L’Office européen des brevets a annoncé, le 6 mai dernier, qu’elle décernera un prix qui pourrait bien bouleverser l’industrie mondiale des terres rares. Destinée à récompenser les dix jeunes innovateurs de demain, l’édition 2025 a distingué Marie Perrin pour avoir mis au point un nouveau procédé d’extraction des terres rares. Cette technique, qui a été brevetée, s’inspire de la nature et présente donc l’avantage d’être plus propre et plus rapide que les méthodes conventionnelles jugées trop polluantes.
« Les terres rares ne sont pas rares, il suffit de savoir les extraire »
La lauréate a commencé à s’intéresser aux terres rares durant le doctorat qu’elle préparait à l’école polytechnique fédérale de Zurich. Ces métaux sont, en réalité, répandus dans la croûte terrestre ; la dénomination trompeuse est liée à la difficulté à laquelle se sont heurtés les scientifiques pour parvenir à les isoler et les purifier.
La technique conçue par la chimiste cible spécifiquement l’europium parmi les 17 terres rares répertoriées. En raison de son pouvoir luminescent, cet élément est indispensable pour les écrans LED et les luminaires à faible consommation d’énergie comme les ampoules. Son idée innovante repose sur le recyclage qui permet de récupérer l’europium dans des déchets électroniques où sa concentration est jusqu’à vingt fois supérieures à celles contenues dans des minerais naturels.
Une technique novatrice
Sa méthode innove par sa rapidité grâce à des techniques avancées de filtration et de séparation. En déclenchant une réaction redox[1] par l’interaction entre, d’un côté, les poudres de phosphore issues des lampes cassées et de l’autre, des petites molécules bio-inspirées contenant du soufre, elle est parvenue à séparer l’europium des autres éléments.
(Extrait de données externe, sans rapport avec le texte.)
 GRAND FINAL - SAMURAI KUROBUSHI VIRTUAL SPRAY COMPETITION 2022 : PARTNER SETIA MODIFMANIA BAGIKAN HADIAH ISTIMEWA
La récupération s’effectue ainsi en une seule étape avec un haut niveau de pureté alors qu’elle nécessite, avec les méthodes habituelles, des centaines d’étapes chimiques complexes et polluantes. Au bout de quelques heures, suite à cette seule étape, un précipité doré enrichi en europium se forme.
Concilier innovation et préservation de l’environnement
En éliminant les étapes d’extraction minière, de séparation et de raffinage, cette nouvelle technique permet de réduire les déchets toxiques engendrés par l’utilisation des nombreux produits chimiques. Par exemple, la production d’une tonne d’oxydes de terres rares nécessite d’employer de 6 à 7 tonnes de sulfate d’ammonium et de 1,2 à 1,5 tonne d’acide oxalique. L’extraction et le traitement d’une tonne de terres rares peuvent engendrer jusqu’à 2 000 tonnes de déchets toxiques, dont des composés radioactifs.
Pour développer sa technique à une échelle industrielle, la chimiste a fondé une start-up baptisée REEcover[2]. Des recycleurs assurent le traitement des lampes. La chimiste souhaite élargir le spectre des métaux ciblés en s’intéressant désormais aussi au recyclage des terres rares utilisées dans les aimants comme le néodyme et le dysprosium qui entrent dans la composition des voitures électriques et des éoliennes.
Cette découverte laisse-t-elle envisager un ralentissement dans la course à l’extraction minière des terres rares qui sont devenues incontournables avec l’essor des technologies numériques ? En toile de fond, ces éléments clés sont également un instrument de puissance géopolitique, la Chine demeurant dans une position de monopole. Le recyclage pourrait changer la donne alors que moins de 1% des terres rares sont recyclées.